Question of future capacity looms for shippers and carriers
Jeff Berman, Group News Editor -- Logistics Management, 11/1/2009
WALTHAM, Mass. — Despite some recent sequential increases in trucking volumes, capacity has steadily continued to leave the marketplace in recent quarters.
According to trucking analysts, the reasons for the capacity exodus vary, but they generally come back to common refrains, including low demand and consumer spending in conjunction with tight credit markets. It’s this state of capacity in 2009 that has many in the industry wondering if there will be enough once the economy rebounds.
In fact, many believe there won’t be nearly enough to meet future demands. According to FTR Associates President Eric Starks, when the economy fully recovers, the capacity picture won’t be pretty. As demand returns, said Starks, carriers will be found scrambling. “Carriers are not going to add capacity ahead of time, because that requires cash on hand and freight to move,” he said.
While the signals appear somewhat ominous, there are some signs that things are improving on the capacity front, according to a recent report by Avondale Partners analyst Donald Broughton. In his report, Broughton notes that in the second quarter Avondale estimates that 370 companies with an average fleet size of 18 pulled 6,725 trucks from the road—less than 0.4 percent of the nation’s over the road heavy duty truck capacity. This is the lowest number of companies recorded and the smallest average company size recorded since the first quarter of 2007, Broughton explained.
“The rate of companies failing is less than 40 percent of what it was in the second quarter last year. And with the drop in the average size of fleet (from 47 to 18), the total number of trucks being pulled from the road is less than 15 percent of last year’s second quarter rate,” wrote Broughton. “This estimate does not include the industry wide trend, especially in larger fleets, to rationalize the size of their ongoing fleets. However, it does represent a marked decline from the 46,025 trucks pulled from the nation’s highways in the second quarter of 2008.”

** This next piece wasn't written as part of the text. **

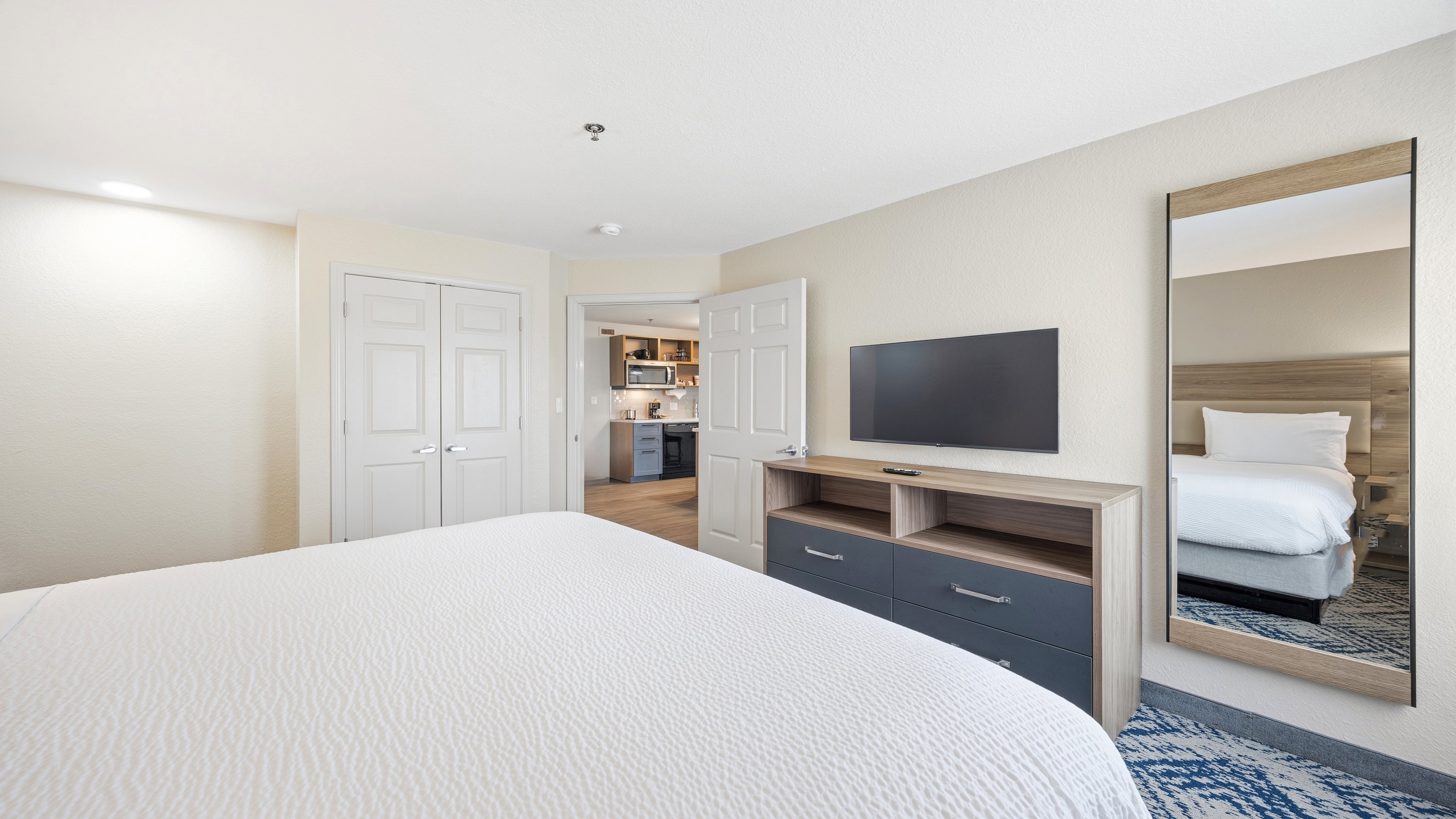Candlewood Suites Macon 27/70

Even with these encouraging signs, larger problems loom when it comes to truck tonnage levels—and capacity—returning to healthy and productive levels. As things stand, tonnage is still well below last year’s levels, with the American Trucking Associations reporting that its advance seasonally-adjusted for-hire truck tonnage measure has been up on a sequential basis three of the last four months.
As for how things look going forward in terms of the overall health of the trucking industry, it’s clear that more time is needed before order is truly restored.